Gewinner ist der Ökostromanbieter Lichtblick

Der größte der von den Atomaussteigern empfohlenen Ökostromanbieter ist Lichtblick. In der Hamburger Zentrale berichtet Unternehmenssprecher Ralph Kampwirth von bisher 450 registrierten Berliner Vattenfall-Flüchtlingen. 2007 seien es im gleichen Zeitraum mehr als 500 gewesen. „Das Niveau dürfte aber etwa gleich hoch liegen, da aus Berlin noch gar nicht alle neuen Verträge erfasst sind.“ Bundesweit sei die Zahl der Neukunden seit Krümmel von täglich 300 auf etwa 500 gestiegen.

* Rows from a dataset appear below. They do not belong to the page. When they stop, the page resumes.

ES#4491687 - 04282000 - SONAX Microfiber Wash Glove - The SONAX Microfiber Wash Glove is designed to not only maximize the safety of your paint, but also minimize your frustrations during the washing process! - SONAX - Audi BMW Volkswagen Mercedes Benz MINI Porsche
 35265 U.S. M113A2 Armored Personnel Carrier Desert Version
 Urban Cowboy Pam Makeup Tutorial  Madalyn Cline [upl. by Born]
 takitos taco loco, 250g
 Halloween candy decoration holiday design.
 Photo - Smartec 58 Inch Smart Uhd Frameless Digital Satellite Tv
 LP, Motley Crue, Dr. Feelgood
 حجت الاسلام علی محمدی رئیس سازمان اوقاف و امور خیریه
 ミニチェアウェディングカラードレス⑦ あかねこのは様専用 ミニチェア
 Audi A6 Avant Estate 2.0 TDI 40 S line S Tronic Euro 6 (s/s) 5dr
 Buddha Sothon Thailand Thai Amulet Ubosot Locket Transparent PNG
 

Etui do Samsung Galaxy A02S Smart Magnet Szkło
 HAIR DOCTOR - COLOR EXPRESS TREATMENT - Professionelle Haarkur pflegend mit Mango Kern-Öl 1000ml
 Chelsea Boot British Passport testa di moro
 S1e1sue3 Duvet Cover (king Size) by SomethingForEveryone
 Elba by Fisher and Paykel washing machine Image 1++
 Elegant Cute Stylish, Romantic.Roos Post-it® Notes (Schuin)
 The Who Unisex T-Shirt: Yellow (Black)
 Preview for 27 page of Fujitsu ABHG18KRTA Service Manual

Unterstützung haben die Ökostromer auch aus einer unerwarteten Ecke bekommen: Björn Böhning (SPD), im Roten Rathaus fürs Grundsätzliche zuständig, verbreitete kürzlich über den SMS-Dienst Twitter den Rat: „Wer es bisher noch nicht getan hat, sollte es spätestens jetzt tun: Stromanbieter wechseln.“ Er wolle die öffentliche Meinung beeinflussen, sagt Böhning und verweist auf den Erfolg beim Kraftwerk Klingenberg an der Rummelsburger Bucht. Dort hat sich Vattenfall nach breiten Protesten von seinen Plänen für einen klimaschädlichen Kohle-Neubau verabschiedet. Pikant ist, dass Böhnings Chef Klaus Wowereit damals der einzige Berliner Spitzenpolitiker war, der sich zu keinem klaren Nein durchringen konnte. Jetzt präzisierte Böhning: „Den Aufruf habe ich nicht als Leiter des Planungsstabes beim Regierenden getwittert, sondern als Bundestagskandidat für Friedrichshain-Kreuzberg.“

Bei dem Unternehmen, zu dessen Boykott Böhning aufruft, ist Berlin dank des kürzlich abgeschlossenen Stromliefervertrages zunächst bis Ende 2012 Großkunde. Immerhin ist in dem Stromliefervertrag mit Vattenfall – jährliches Volumen rund 100 Millionen Euro – Atomenergie explizit ausgeschlossen.